I suggest the following:
1. Firms should position early
There is a window of opportunity until 2030 for African firms to prepare themselves before the sale EVs takes off. The beneficiation of minerals to battery-grade metals is an opportunity that firms can seize early. There is currently a strong desire by global firms to reduce dependence on China for LIB metals.
The diversification objective of non-Chinese firms could be served even if refined LIB metals were to be supplied by a Chinese-owned refinery in the DRC, say. Beyond 2030, the potential opportunities take on wider dimensions. Recycling of LIBs may take on greater importance and urgency by then, and thus become a lucrative opportunity for Africa. But there no point waiting. Best to start the groundwork early, ahead of the potential opportunity years later. Enterprise Singapore offices in the SADC region could help facilitate their firms position early and the government of Singapore could extend technical assistance to help African governments enact industrial policies that can facilitate greater value chain participation.

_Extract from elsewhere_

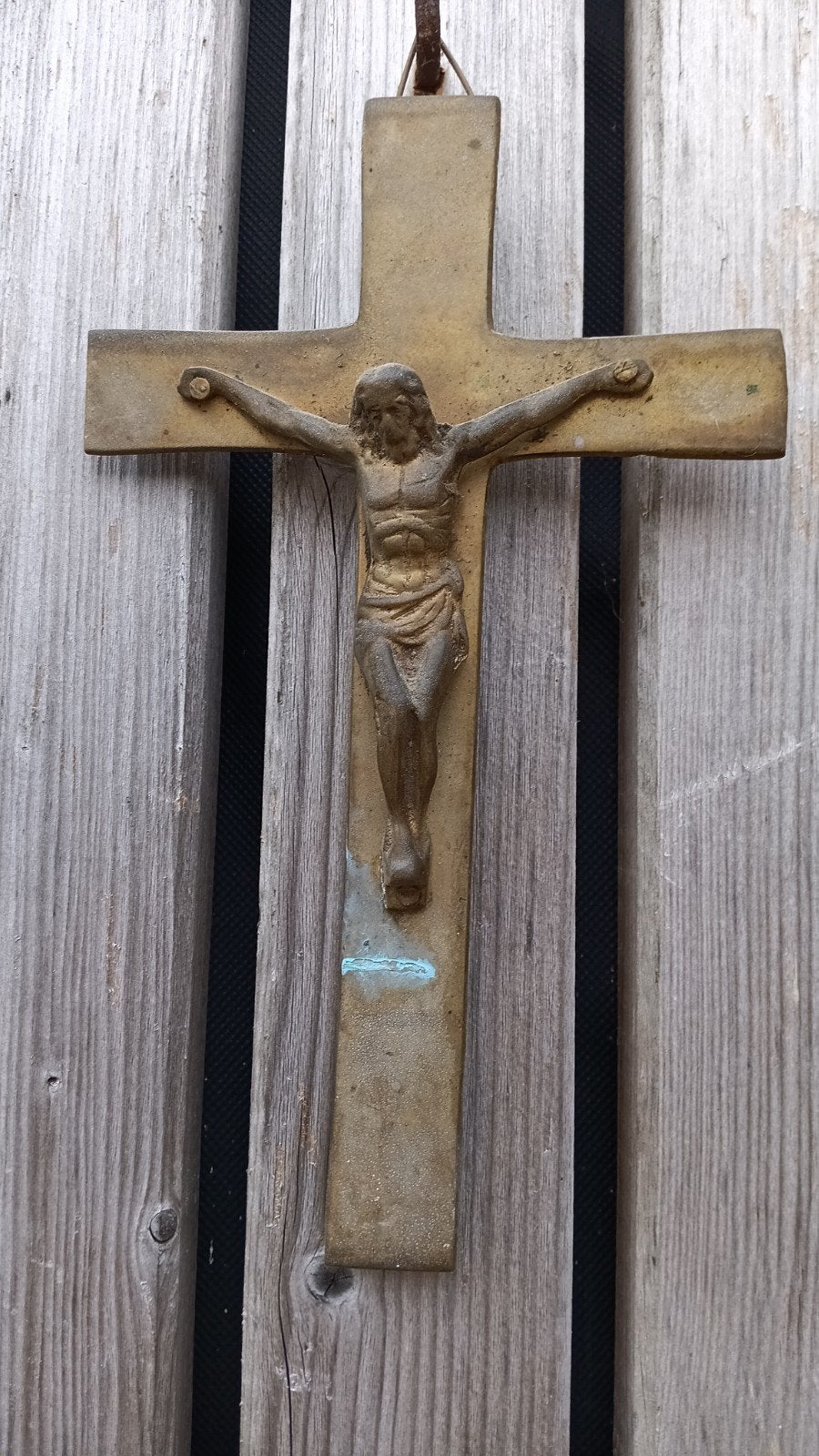 Koperen kruisbeeld, Verzamelen, Ophalen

2. Governments should provide much needed support
There is much that African governments would need to do to encourage firms to add more value to LIB minerals in situ. For a start, governments should avoid imposing taxes that add to the costs of imported feedstock, for instance.
The Zambian Chambishi Metals refinery case is a cautionary tale that shows what happens when the action of the state is not aligned with its vision.

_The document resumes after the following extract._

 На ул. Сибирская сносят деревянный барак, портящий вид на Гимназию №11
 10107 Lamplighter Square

Within SADC the South African government seems to be the only one making significant efforts towards the greater African LIB GVC participation (Foli, 2020).
3. Battery consortia and collaboration with Singapore
The skills and financial capacity gaps that exist can closed with foreign partnership. Synergies may exist between the Singapore Battery Consortium (SBC) and South Africa’s Energy Storage Research, Development and Innovation Consortium (RDI), for instance. These could tapped for building out certification and regulatory frameworks in Africa. SBC member firm, Green Li-ion, which recently pioneered a technology which recycles LIBs into almost 100% pure cathodes, could just as well begin exploring opportunities on the continent as it is currently doing in Dubai and China.

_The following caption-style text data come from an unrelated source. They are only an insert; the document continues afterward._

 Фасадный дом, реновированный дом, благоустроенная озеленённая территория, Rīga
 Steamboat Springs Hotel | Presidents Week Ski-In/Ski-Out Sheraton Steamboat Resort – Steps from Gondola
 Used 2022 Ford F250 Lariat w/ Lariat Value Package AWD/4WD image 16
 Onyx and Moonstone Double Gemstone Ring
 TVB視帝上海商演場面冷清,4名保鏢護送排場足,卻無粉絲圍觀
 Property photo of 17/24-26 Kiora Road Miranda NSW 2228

There may be opportunities for collaboration between Universities and think-tanks as well. SBC member, Nanyang Technological University (NTU), is already producing ground-breaking LIB research. NTU scientists have been able to successfully recover precious metals from battery waste using orange fruit peels and thereafter created functional batteries from the metals. The uYilo e-Mobility Programme at the Nelson Mandela University in Port Elizabeth, South Africa, which is also a member of the RDI could be an ideal target for a potential partnership with NTU and SBC.